Submissions to PVLDB Reproducibility observe the submission deadlines of PVLDB and should be submitted using the PVLDB submission site in CMT for the reproducibility track.

Recent Reproducibility Highlights

  • Optimal Algorithms for Ranked Enumeration of Answers to Full Conjunctive Queries, Tziavelis, Nikolaos (Norteastern University); Ajwani, Deepak (Norteastern University); Gatterbauer, Wolfgang (Norteastern University); Riedewald, Mirek (Norteastern University); Yang, Xiaofeng (Norteastern University)

  • Prefix Filter: Practically and Theoretically Better Than Bloom, Tomer Even (Tel Aviv University)*; Guy Even (Tel Aviv University); Adam Morrison (Tel Aviv University)

  • A Critical Analysis of Recursive Model Indexes, Marcel Maltry (Saarland University), Jens Dittrich (Saarland University)

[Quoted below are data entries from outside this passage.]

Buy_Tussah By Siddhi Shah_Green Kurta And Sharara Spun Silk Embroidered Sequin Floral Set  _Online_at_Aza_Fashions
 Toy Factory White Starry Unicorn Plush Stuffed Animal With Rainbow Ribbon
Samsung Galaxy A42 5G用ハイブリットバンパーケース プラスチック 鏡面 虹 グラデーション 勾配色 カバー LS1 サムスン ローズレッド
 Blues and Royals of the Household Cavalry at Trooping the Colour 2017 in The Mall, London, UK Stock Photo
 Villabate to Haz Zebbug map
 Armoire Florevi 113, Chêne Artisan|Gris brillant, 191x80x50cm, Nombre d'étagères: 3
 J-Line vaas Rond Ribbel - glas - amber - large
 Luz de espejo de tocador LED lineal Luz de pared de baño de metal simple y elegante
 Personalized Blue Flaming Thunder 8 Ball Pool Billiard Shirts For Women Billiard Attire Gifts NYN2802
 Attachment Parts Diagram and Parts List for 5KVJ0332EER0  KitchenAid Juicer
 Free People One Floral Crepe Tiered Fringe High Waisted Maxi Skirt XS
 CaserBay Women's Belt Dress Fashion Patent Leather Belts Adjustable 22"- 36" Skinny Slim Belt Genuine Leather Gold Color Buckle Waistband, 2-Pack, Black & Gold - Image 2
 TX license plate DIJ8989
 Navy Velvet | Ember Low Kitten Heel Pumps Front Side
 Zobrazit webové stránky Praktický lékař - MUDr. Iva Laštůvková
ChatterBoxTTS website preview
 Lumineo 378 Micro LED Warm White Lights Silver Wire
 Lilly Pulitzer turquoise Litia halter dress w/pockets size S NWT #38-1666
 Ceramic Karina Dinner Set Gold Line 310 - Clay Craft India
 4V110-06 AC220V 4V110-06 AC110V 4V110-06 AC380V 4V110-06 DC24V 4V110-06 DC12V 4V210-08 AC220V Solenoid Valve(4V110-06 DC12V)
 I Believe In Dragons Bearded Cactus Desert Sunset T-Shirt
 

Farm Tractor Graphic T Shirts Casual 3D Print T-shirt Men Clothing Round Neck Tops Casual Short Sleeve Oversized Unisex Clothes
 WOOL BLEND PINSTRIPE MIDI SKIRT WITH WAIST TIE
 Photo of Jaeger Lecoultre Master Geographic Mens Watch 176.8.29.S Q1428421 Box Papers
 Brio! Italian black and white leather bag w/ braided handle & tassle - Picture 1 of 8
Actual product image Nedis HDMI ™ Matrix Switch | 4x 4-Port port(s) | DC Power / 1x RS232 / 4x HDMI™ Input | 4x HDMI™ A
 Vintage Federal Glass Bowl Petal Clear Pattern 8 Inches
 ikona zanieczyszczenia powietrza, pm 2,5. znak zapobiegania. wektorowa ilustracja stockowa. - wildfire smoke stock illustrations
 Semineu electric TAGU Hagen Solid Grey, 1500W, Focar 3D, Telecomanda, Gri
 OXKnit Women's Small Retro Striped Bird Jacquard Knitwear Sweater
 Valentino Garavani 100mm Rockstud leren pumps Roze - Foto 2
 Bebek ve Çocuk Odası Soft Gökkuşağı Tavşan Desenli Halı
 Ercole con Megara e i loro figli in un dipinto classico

  • ByShard: Sharding in a Byzantine Environment, Jelle Hellings (McMaster University)*; Mohammad Sadoghi (University of California, Davis)

  • A four-dimensional Analysis of Partitioned Approximate Filters, Tobias Schmidt (TUM)*; Maximilian Bandle (TUM); Jana Giceva (TU Munich)

  • SetSketch: Filling the Gap between MinHash and HyperLogLog, Otmar Ertl (Dynatrace Research)

  • ORBITS: Online Recovery of Missing Values in Multiple Time Series Streams, Mourad Khayati (University of Fribourg)

  • Don't Be a Tattle-Tale: Preventing Leakages through Data Dependencies on Access Control Protected Data, Primal Pappachan (Penn State University); Shufan Zhang (University of Waterloo); Xi He (University of Waterloo); Sharad Mehrotra (University of California, Irvine)

  • Cardinality Estimation of Approximate Substring Queries using Deep Learning, Suyong Kwon (Seoul National University), Woohwan Jung (Hanyang University), Kyuseok Shim (Seoul National University)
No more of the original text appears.